Accordingly, when the contact 13 is retained in the housing 12 in
the first posture, the flat plate portion 13F connected to the
first joint portion 13E of the contact 13 contacts or faces the
inner wall surface 15H of the recess portion 15D of the first
insulator 15, and the first connection surface S1B faces the
opposite side from the inner wall surface 15H.
[0109] Now, the fixing posts 15J of the first insulator 15 are
sequentially passed through the through-holes 14B of the
reinforcing sheet 14 and the through-holes F14 of the connection
object F1 such that the reinforcing sheet 14 and the connection
object F1 lie on the -Z direction side of the first insulator 15,
whereafter the second insulator 16 is moved in the +Z direction to
start the assembly thereof into the first insulator 15 as shown in
FIG. 12.
[0110] In this process, the columnar members 16C of the second
insulator 16 are each inserted into the inside of the U-shaped
portion 13A of the corresponding contact 13 from the -Z
direction.
[0111] Further, the protrusion portion 16B of the second insulator
16 is sequentially passed through the opening F13 of the connection
object F1 and the opening 14A of the reinforcing sheet 14 from the
-Z direction and then inserted into the recess portion 15D of the
first insulator 15. In this process, the +X direction-side edge and
the -X direction-side edge of the opening F13 of the connection
object F1 are pushed while being bent toward the +Z direction by
the protrusion portion 16B of the second insulator 16 and thereby
enter between the outer surface 16G of the protrusion portion 16B
of the second insulator 16 and the inner wall surface 15H of the
recess portion 15D of the first insulator 15.
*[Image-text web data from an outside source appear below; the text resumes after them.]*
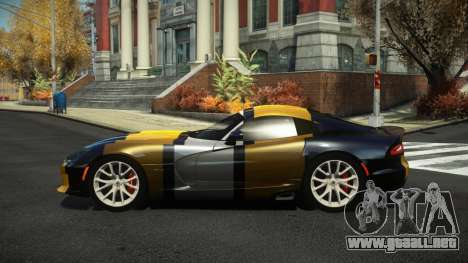 Dodge Viper Naqus S6 para GTA 4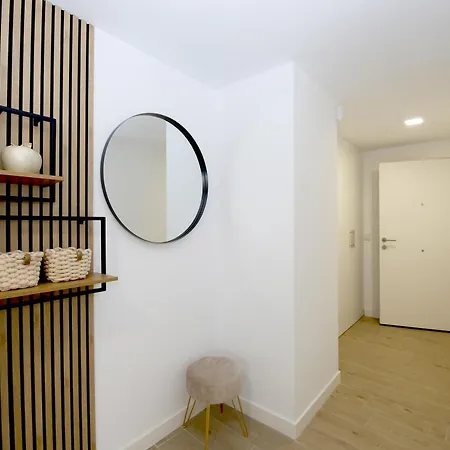West Luxury Leona Appartement *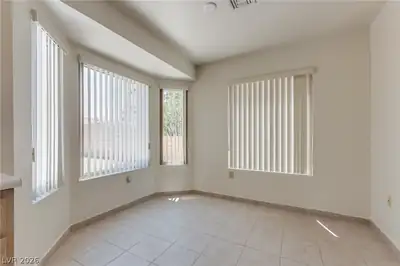 8809 Villa Ridge Drive, Las Vegas, NV 89134 Dining Area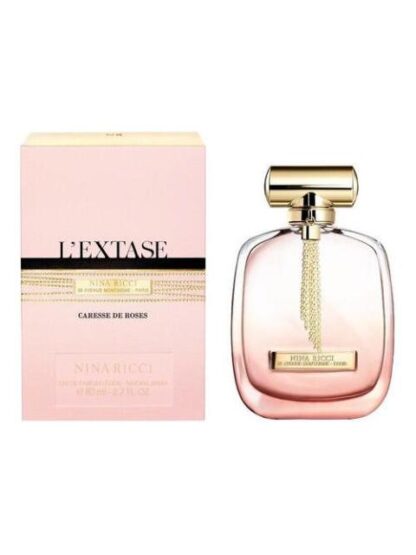 LEXTASE CARESSE DE ROSES 80 ML-100%ORIGINAL PERFUMEZONE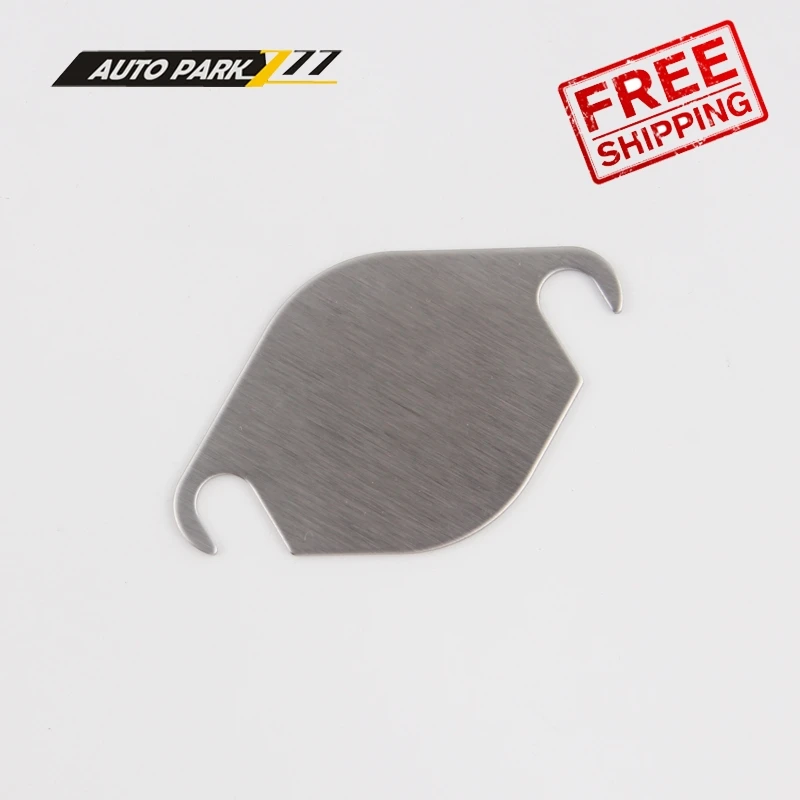 FREE EGR valve blanking plate for FORD 1.8 TDCi Duratorq engines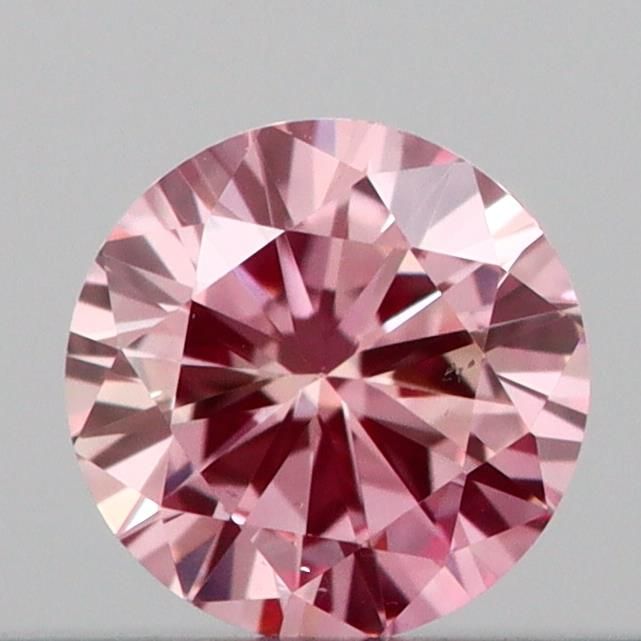 0.16 CT Fancy Vivid Blue ROUND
[0112] In this state, when the second insulator 16 is moved toward
the first insulator 15 in the +Z direction, as shown in FIG. 13,
the first and second joint portions 13E and 13G of each contact 13
are separately sandwiched between the +Z direction-side surface of
the protrusion portion 16B of the second insulator 16 and the
corresponding retaining surfaces 15F and 15G in the recess portion
15D of the first insulator 15. Thus, the contacts 13 are retained
by the first insulator 15 and the second insulator 16.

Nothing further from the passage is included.